Poitiers donc, en 1988. C’est l’hiver, un temps gris. La ville, ou l’université, a organisé une de ces journées littéraires ouy tout le monde flotte éberlué entre deux eaux, écrivains, étudiants, public égaré. Le repas de midi est pris en commun dans cette brasserie, où la ville a retenu une dizaine de tables pour nourrir les amuseurs. (…) Je m’assieds, je mange. Je relève la tête : à deux ou trois tables de moi je reconnais, pour l’avoir vu en photo, Jean Echenoz. Je le vois de profil, entouré d’étudiantes, un peu voûté sur son assiette comme quand il ne veut pas parler et affiche complet. Il est bien habillé, il voudrait être ailleurs. Il a mis les oeillères. A ja fin du repas, je demande à Salgas de me le présenter, ce qu’il fait : je suis debout, Echenoz se lève et me tend la main. Il sourit gentiment, il est enchanté, il est vraiment bien habillé, il voudrait vraiment être ailleurs. Aussitôt nous repartons l’un et l’autre vers nos tables rondes respectives de l’après-midi. Voilà.(…) » Puis Michon raconte diverses choses et reprend la rencontre plus tard.
« A la gare de Poitiers, Echenoz se lève, il se plante devant moi, il dit : Pierre Michon ? Jean Echenoz.
Oui, on va garder ça comme ça. »
Michon se demande s’il n’a pas rêvé cette histoire de brasserie….
Ces écrivains, quand même ! Pas un pour rattraper l’autre…
Ce « Cahier de L’Herne » construit autour de Jean Echenoz, sous la direction de Johan Faerber est un régal !
L’avant-dernier roman d’Echenoz ne restera pas vraiment en mémoire ni dans le rayon Minuit de la bibliothèque, d’ailleurs Gérard Fulmard n’y est plus ; reste Ravel, Courir, l’equipée malaise, et « je m’en vais ».
Echenoz encore actuellement avec Ravey, et Toussaint, sont un peu les représentants d’un style-Minuit, la marque-signature, style qui ressort peut-être d’une légende urbaine, mais paradoxalement faisait sens en une époque faste pour le roman minimaliste et décalé, et manifestement révolue.
Autant Ravey réussit encore à nous surprendre, et ses deux derniers » Taormine » et » Que du vent » restent des chefs d’oeuvre, où le pire que l’on n’attend pas est toujours certain, autant c’est moins sûr pour Echenoz. Partir pour un tournage en Afrique ou rester à quai, c’est pas décidé.
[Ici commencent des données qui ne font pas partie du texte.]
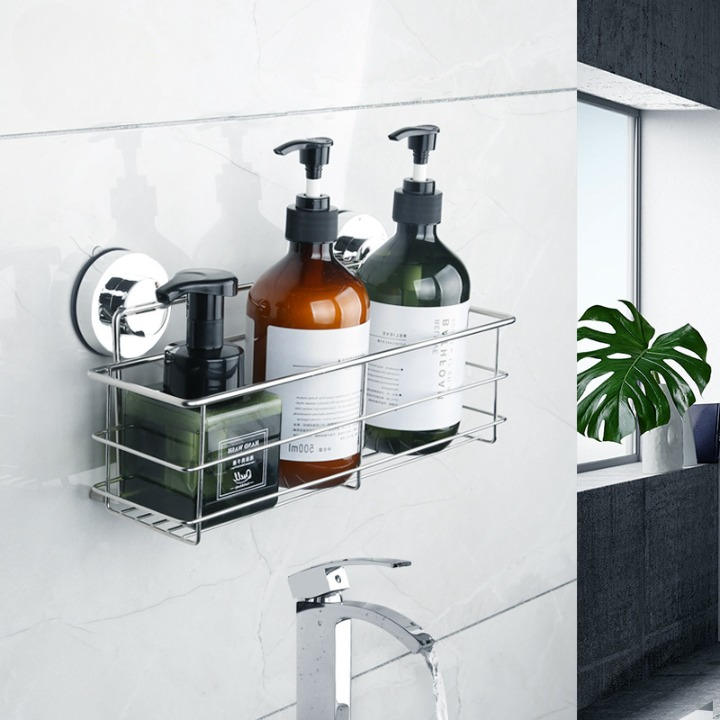 Wall-Mounted Suction Storage Rack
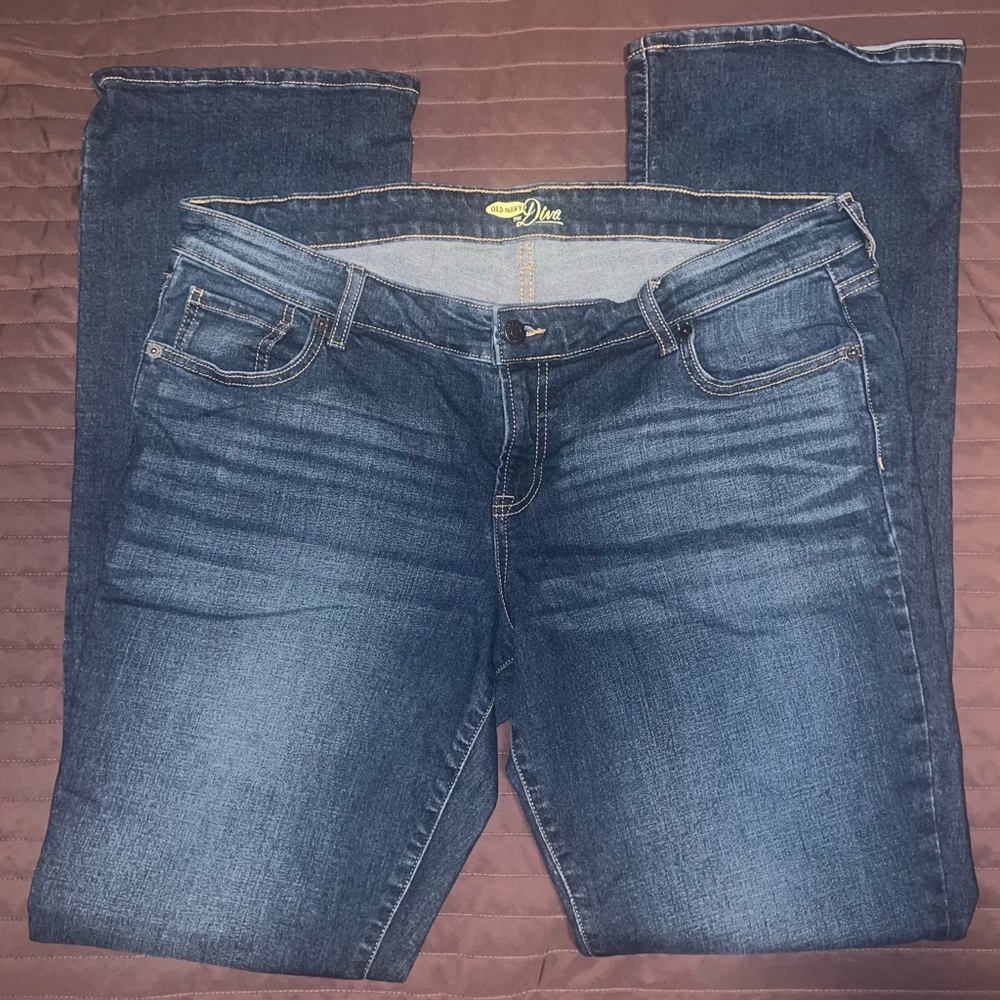 Old navy size 14 long denim jeans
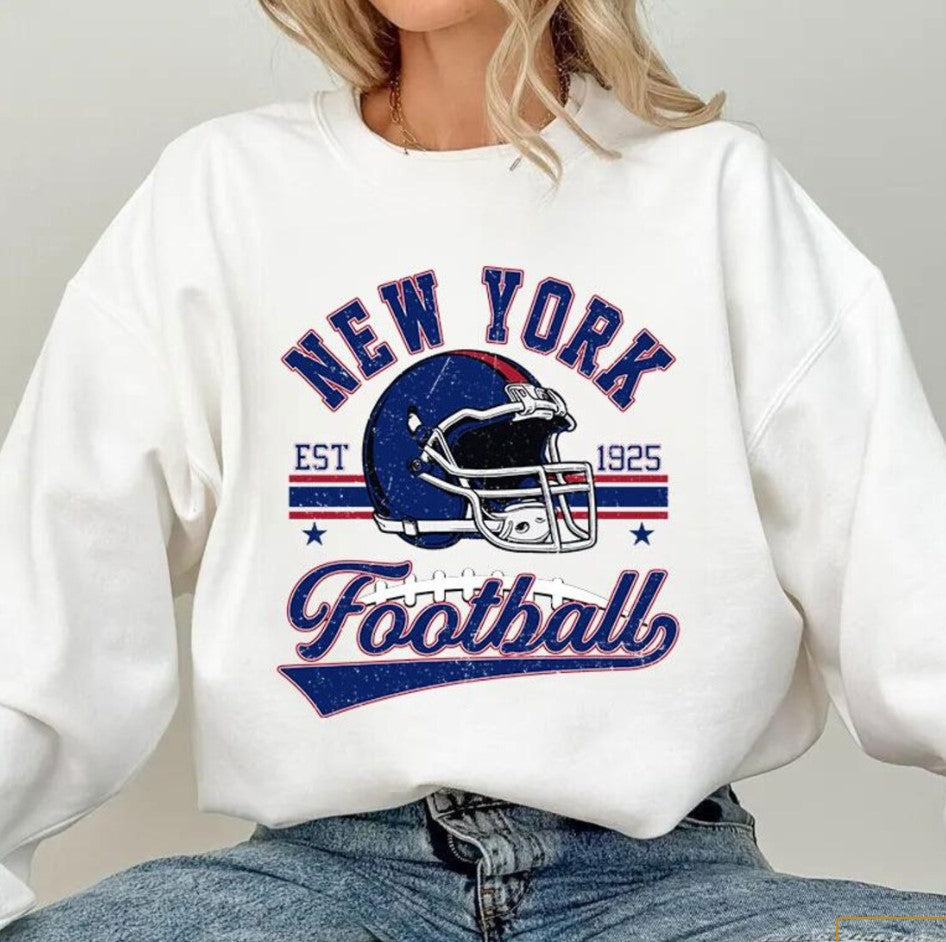 Vintage 90s Style Giant Sweatshirt, New York Football Crewneck, NY Giant Shirt, New York Football Shirt, New York Fan Gift, New York Shirt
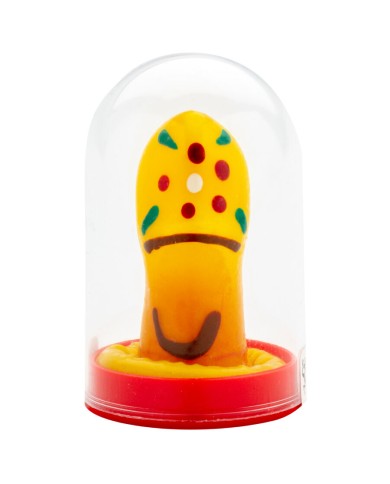 CONDOMERIE - SABOTS DE PRÉSERVATIFS FANTAISIE PEINTS À LA MAIN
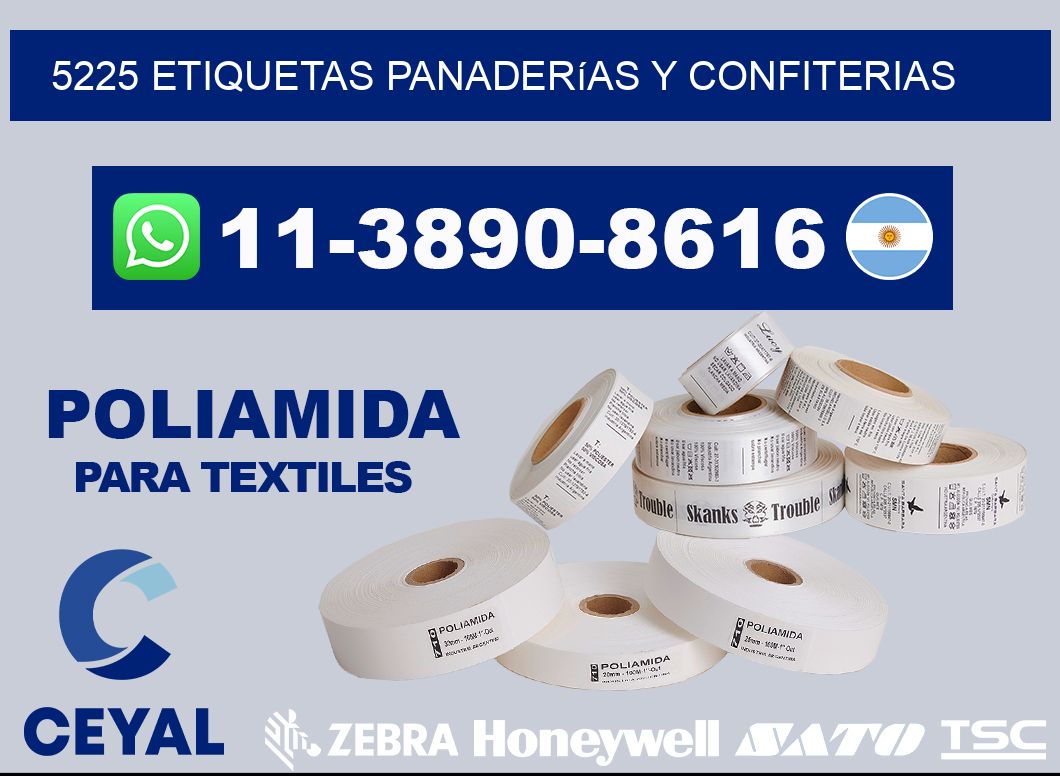 5225 etiquetas panaderías y confiterias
Je ne comprends pas pourquoi il faudrait qu’un roman doive » aussi » (?) signifier autre chose que ce qui y est écrit. D’autant que c’est pas le style de la maison. Ni de ses occupants.
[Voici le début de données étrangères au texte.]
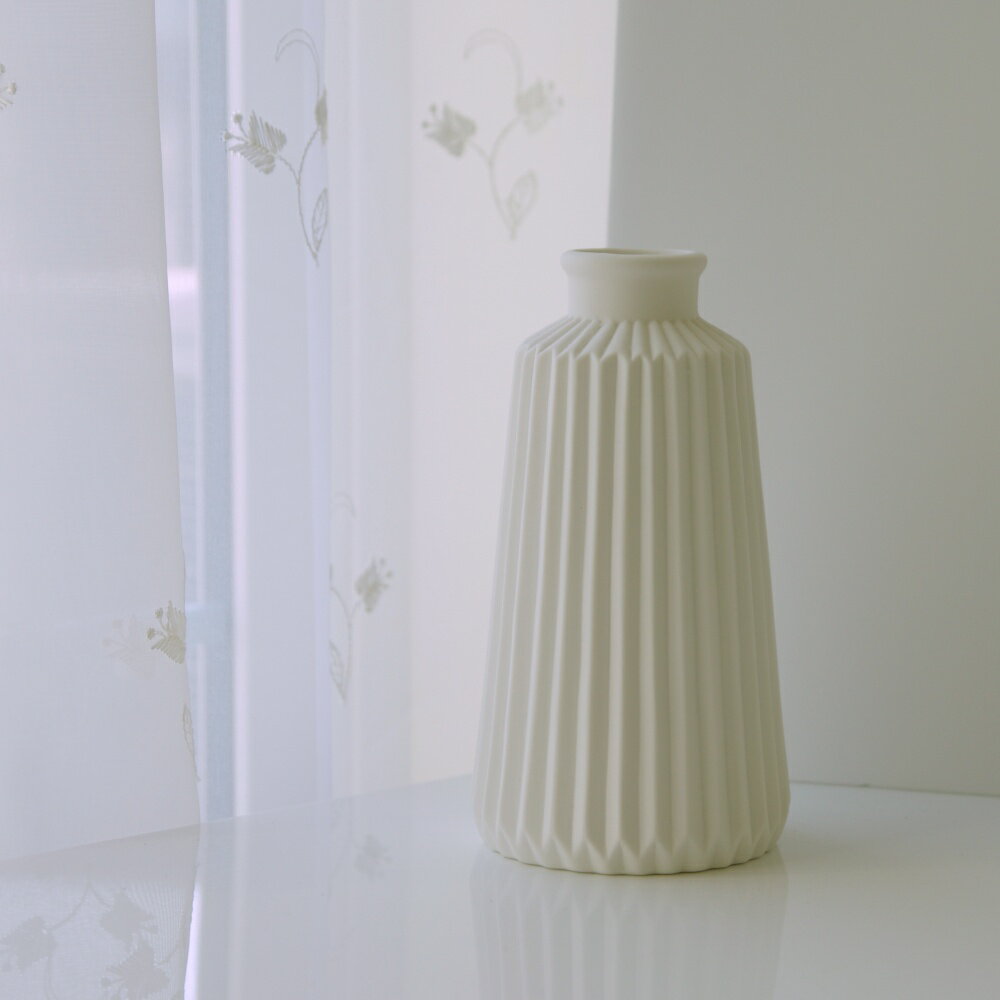 花瓶 花瓶 フラワーベース 陶器 白 おしゃれ モダン アンティーク 北欧 DIDIER 花瓶 フレンチライン 一輪挿し F ホワイト Φ9.3×高さ17.5cm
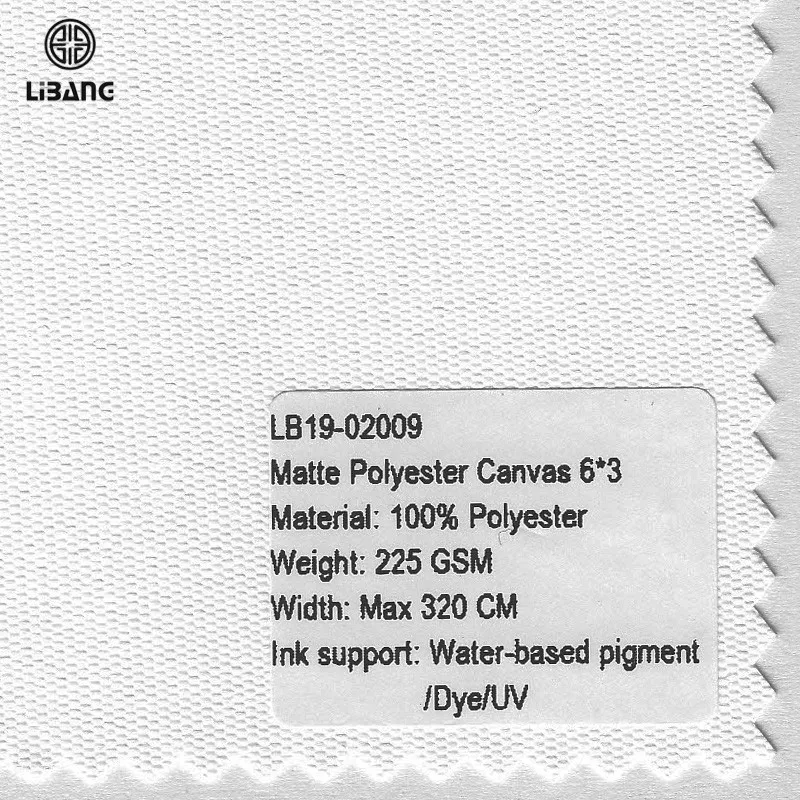 Wholesale 600dx300d Pre Coated Canvas Roll High Quality Waterproof Polyester Inkjet Canvas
http://leseditionsdeminuit.fr/imprimer_livre-3457.html
Pour la formule de la chute d’un corps *par la fenêtre, un romancier s’était risqué à en donner l’expression littérale dans l’un de ses romans. Ce faisant il a perdu tout le Paris littéraite, triste, triste à mourir, tous arrondissements confondus, du coup.
Me suis contenté, si j’ose dire, de lire le Ravel d’Echenoz. Une (mauvaise) nouvelle en gros caractères. Pour moi, un écrivain d’almanach. Julien Gracq a eu le mot juste, dans le carnet qu’il avait offert à sa femme de ménage. « Tellement gratuit »! Il y a tant beaux livres à lire et à relire. On se passera de celui- là.
Jeter un pont.
Une attraction de Bristol est le pont suspendu de Clifton.
A visiter aussi, le navire Great Britain, a quai, définitivement…
Ville extraordinairement dynamique forte de sa population étudiante et puis Banksy… de l’autre côté de l’embouchure il y a un petit port, « port at the head of the river », mondialement connu, mais pas à cause de la mer.